So, what will most likely happen is that someone will use this library and not expect it to allow JavaScript to be executed when using the output. If this library doesn’t want to implement an explicit cross-site-scripting preventing mechanism, it should at least have a warning that implementing such a mechanism is always necessary when parsing and rendering user-generated markdown content.

Otherwise, developers will find a way to mess this up and risk their users’ and company’s security and image.

Other markdown parsers mention these issues in their readme or have (sometimes too simple) ways of mitigating them themselves, like disabling all HTML.

@najtin sure. Basically, my point is that very often, if markdown is used in real-world apps, it’s used to parse user-generated content (like these comments we’re writing here). Most developers don’t explicitly go through OWASP’s list of potential security pitfalls every single time they implement anything.
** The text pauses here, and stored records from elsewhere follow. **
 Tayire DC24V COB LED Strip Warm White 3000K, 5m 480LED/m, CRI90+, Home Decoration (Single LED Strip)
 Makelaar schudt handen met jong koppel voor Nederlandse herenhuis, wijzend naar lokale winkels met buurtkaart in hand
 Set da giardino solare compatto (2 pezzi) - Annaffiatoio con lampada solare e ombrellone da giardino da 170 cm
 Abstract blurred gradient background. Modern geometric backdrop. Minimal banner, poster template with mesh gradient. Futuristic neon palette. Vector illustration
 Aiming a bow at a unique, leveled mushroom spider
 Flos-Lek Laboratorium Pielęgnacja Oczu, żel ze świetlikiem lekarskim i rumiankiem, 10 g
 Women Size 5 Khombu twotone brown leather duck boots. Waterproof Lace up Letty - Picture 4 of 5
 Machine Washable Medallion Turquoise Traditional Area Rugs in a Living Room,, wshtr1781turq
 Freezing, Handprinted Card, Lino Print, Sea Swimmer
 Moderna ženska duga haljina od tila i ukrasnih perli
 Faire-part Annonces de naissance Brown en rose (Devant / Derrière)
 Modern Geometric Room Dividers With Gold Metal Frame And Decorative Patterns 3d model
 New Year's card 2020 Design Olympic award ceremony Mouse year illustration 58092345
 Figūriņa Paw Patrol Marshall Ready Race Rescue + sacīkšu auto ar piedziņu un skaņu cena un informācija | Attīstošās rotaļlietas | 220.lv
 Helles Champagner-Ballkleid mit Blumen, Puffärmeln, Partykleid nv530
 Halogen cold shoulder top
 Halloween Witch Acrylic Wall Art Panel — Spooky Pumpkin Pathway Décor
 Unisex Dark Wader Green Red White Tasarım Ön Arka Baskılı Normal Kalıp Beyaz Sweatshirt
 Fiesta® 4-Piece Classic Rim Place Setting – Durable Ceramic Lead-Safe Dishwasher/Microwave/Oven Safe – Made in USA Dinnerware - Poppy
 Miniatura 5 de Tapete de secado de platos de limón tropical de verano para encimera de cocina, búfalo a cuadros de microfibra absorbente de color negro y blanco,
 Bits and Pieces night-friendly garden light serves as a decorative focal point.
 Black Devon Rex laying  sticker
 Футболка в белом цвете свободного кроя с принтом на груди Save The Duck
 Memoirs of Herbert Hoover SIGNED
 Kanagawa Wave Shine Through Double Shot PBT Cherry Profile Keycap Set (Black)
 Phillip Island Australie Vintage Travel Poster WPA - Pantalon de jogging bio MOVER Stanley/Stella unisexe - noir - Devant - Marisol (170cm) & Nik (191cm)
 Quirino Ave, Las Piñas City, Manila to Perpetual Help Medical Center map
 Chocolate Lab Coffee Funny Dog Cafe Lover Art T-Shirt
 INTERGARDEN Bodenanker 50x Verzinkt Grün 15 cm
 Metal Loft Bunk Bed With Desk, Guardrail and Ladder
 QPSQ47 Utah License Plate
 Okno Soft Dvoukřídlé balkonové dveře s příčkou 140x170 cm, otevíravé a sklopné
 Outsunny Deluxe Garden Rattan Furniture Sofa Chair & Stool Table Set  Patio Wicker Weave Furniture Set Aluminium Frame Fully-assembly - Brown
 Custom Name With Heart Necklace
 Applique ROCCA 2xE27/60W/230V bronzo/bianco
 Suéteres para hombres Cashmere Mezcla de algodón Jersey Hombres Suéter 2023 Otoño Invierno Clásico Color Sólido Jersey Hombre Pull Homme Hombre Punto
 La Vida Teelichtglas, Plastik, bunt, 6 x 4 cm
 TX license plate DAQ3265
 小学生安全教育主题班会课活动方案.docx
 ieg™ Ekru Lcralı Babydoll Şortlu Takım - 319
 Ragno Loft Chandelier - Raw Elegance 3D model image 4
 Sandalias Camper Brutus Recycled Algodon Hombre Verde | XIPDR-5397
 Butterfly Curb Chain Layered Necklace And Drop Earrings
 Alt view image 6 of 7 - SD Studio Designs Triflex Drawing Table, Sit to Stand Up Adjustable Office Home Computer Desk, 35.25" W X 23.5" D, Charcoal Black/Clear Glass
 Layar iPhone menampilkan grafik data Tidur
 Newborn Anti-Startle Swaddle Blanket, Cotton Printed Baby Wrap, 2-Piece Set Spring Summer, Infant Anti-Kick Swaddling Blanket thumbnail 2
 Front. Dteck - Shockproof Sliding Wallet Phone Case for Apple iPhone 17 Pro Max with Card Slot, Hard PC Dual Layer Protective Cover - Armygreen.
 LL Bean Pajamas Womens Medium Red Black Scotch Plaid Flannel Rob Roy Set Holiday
So, what will most likely happen is that someone will use this library and not expect it to allow JavaScript to be executed when using the output. If this library doesn’t want to implement an explicit cross-site-scripting preventing mechanism, it should at least have a warning that implementing such a mechanism is always necessary when parsing and rendering user-generated markdown content.

Otherwise, developers will find a way to mess this up and risk their users’ and company’s security and image.

Other markdown parsers mention these issues in their readme or have (sometimes too simple) ways of mitigating them themselves, like disabling all HTML.

Agree with you. This is really important.
The library should either explicitly state that the parser does NOT protect against XSS or implement a XSS feature itself.

Referring to other libraries in the README that help with XSS would be a nice addition too. There are a number of client side and server side solutions out there that fit the tiny & fast mantra of Snarkdown.

There are a number of client side and server side solutions out there that fit the tiny & fast mantra of Snarkdown.

Can you give some examples of smaller client side libs that help with xss?

@bboydflo not sure if it's helpful, but my original reason for using this library was to "pipe" its output to Preact, which requires using DOMParser to convert the generated HTML to Virtual DOM. Since this is then rendered using the imperative DOM API, it's relatively easy to implement XSS mitigation, though the same concept can be applied as a string-to-string transform. It won't be the fastest, but it avoids building in an HTML parser just for sanitization:

function safeMarkdown(markdown) {
  const html = snarkdown(markdown);
  const doc = new DOMParser().parseFromString(`<!DOCTYPE html><html><body>${html}`, 'text/html');
  doc.normalize();
  _sanitize(doc.body);
  return doc.body.innerHTML;
}
function _sanitize(node) {
  if (node.nodeType === 3) return;
  if (node.nodeType !== 1 || /^(script|iframe|object|embed|svg)$/i.test(node.tagName)) {
    return node.remove();
  }
  for (let i=node.attributes.length; i--; ) {
    const name = node.attributes[i].name;
    if (!/^(class|id|name|href|src|alt|align|valign)$/i.test(name)) {
      node.attributes.removeNamedItem(name);
    }
  }
  for (let i=node.childNodes.length; i--; ) _sanitize(node.childNodes[i]);
}

Here's the above running on JSFiddle: https://jsfiddle.net/developit/vrn16fsg/

retog commented

Removing all HTML from the markdown before passing it to snarkdown, would this render the output safe? Or could one cause a similar output by another valid markdown?

@retog your question made me curios, so I investigated it a bit.

Unfortunately, I just managed to XSS snarkdown without using HTML:

https://codesandbox.io/s/immutable-cloud-b66z48?file=/src/index.ts

In general, XSS prevention isn’t that easy. Here’s a somewhat complete list of prevention techniques: https://cheatsheetseries.owasp.org/cheatsheets/Cross_Site_Scripting_Prevention_Cheat_Sheet.html

Since snarkdown has no plans of being XSS-proof I’d strongly recommend not using snarkdown for any user-provided data, and only for trusted markdown files.


in case codesandbox 404s, here’s the source code

import md from "snarkdown";
import e from "lodash.escape";

const t = "[XSS Me](javascript:alert`hello from xss`)";

document.getElementById("xss")!.innerHTML = md(t);
document.getElementById("txt")!.innerHTML = e(md(t));
<div id="txt"></div>
<div id="xss"></div>